28 Pivot Tables

28.1 Summarizing Simulation Results (Background)

You are tasked with solving a company’s truck routing problem. The company operates a fleet of trucks that deliver goods to customers and seeks to optimize its delivery routes to minimize costs and improve customer satisfaction. To evaluate different methods, you implemented a simulation that logs the results of various configurations into a .csv file for analysis.

You developed and tested four methods to solve the truck routing problem:

M1 = Simulation of the current routing strategy (baseline)
M2 = Greedy algorithm (Nearest Neighbor Heuristic)
M3 = Exact algorithm (Integer Linear Programming)
M4 = Metaheuristic algorithm (Simulated Annealing)

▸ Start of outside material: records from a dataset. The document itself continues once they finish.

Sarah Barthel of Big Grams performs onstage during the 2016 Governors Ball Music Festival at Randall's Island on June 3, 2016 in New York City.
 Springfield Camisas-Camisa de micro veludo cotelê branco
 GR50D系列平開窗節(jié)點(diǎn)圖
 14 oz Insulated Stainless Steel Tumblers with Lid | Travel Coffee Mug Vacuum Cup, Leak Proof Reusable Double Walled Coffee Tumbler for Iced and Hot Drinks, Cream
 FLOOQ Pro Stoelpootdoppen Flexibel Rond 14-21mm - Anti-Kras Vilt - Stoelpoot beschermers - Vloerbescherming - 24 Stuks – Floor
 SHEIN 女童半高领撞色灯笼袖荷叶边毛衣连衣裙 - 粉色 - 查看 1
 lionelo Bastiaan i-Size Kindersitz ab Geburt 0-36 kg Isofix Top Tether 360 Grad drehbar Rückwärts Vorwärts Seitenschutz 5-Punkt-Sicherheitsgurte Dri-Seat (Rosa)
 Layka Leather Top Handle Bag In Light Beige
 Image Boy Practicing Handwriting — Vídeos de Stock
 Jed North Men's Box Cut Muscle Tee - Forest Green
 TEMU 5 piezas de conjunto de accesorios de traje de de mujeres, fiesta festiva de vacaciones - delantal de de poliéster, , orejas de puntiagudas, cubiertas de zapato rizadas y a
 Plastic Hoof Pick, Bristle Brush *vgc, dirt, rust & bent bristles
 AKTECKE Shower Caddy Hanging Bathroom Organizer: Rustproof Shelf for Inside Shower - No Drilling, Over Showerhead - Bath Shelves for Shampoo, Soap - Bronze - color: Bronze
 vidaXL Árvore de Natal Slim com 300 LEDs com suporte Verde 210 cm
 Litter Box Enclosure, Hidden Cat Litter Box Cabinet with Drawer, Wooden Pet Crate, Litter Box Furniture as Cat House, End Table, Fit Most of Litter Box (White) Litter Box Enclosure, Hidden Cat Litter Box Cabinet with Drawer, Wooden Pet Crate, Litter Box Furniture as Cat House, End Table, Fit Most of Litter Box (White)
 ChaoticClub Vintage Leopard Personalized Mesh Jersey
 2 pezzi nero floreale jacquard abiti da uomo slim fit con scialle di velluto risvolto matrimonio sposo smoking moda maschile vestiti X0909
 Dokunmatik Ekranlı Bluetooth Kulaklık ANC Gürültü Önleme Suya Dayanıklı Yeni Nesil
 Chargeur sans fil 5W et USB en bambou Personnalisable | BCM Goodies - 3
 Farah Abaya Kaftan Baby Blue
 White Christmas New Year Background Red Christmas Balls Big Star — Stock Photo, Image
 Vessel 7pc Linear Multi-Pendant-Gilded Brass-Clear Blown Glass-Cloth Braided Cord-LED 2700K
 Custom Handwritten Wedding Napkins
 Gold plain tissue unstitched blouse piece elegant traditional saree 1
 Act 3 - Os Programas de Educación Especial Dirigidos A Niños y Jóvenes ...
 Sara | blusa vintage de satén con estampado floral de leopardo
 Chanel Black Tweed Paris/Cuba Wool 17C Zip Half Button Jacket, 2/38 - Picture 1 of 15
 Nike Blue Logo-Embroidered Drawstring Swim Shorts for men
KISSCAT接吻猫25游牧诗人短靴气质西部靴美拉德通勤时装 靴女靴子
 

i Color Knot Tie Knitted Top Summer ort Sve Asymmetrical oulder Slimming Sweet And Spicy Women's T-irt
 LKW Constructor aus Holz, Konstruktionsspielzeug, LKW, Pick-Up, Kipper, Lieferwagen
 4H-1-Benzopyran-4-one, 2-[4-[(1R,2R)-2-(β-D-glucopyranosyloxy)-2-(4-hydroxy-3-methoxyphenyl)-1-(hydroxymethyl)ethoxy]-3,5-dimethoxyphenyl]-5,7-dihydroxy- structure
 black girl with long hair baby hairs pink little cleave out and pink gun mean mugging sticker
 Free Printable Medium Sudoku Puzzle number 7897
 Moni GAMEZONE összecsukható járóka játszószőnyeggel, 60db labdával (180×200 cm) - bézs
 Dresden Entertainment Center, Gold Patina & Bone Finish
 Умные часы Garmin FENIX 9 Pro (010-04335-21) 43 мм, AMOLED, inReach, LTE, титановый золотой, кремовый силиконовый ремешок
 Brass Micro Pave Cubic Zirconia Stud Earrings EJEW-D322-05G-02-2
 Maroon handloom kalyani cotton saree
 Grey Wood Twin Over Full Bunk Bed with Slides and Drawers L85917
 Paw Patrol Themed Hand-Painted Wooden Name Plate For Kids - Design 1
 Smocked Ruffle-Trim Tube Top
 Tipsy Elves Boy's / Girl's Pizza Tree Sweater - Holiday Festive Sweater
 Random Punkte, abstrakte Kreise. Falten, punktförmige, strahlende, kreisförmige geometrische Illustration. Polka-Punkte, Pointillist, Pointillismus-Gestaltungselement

Each method has trade-offs in terms of solution quality and computational efficiency. For example, the exact algorithm guarantees the optimal solution but is computationally expensive, while the greedy algorithm is faster but may yield suboptimal results.

28.1.1 Metrics Collected

For each simulation run, the following key performance indicators (KPIs) were collected:

Distance Traveled (km)
Average Delivery Delay (hours)
Number of Customers Rejected
Runtime (seconds)

28.1.2 Configurations Tested

In your simulations, you tested different configurations to find the optimal solution for the company. The configurations include:

Objective Functions: Three objective functions were tested to minimize costs and improve customer satisfaction:
1. OF1 = Minimize total distance traveled (km)
2. OF2 = Minimize average delivery delay (hours)
3. OF3 = Minimize the number of customers rejected
Service Levels: Two service levels were evaluated to assess their impact on results:
1. SL1 = Reject customers if the service is infeasible
2. SL2 = Serve all customers (no rejections allowed)
Number of Customers: Two demand sizes were considered to test the scalability of the methods:
1. 100 customers
2. 500 customers
Demand Distribution: 10 random demand distributions were generated for each demand size, varying the locations and the demand needs of customers.

The fleet size was kept constant across all simulations.

28.1.3 Experimental Setup

To find the best solution, you ran simulations for all combinations of methods, objective functions, service levels, number of customers, and demand distributions. This resulted in 480 runs (4 methods × 3 objective functions × 2 service levels × 2 demand size × 10 distributions), each representing a different scenario of the truck routing problem.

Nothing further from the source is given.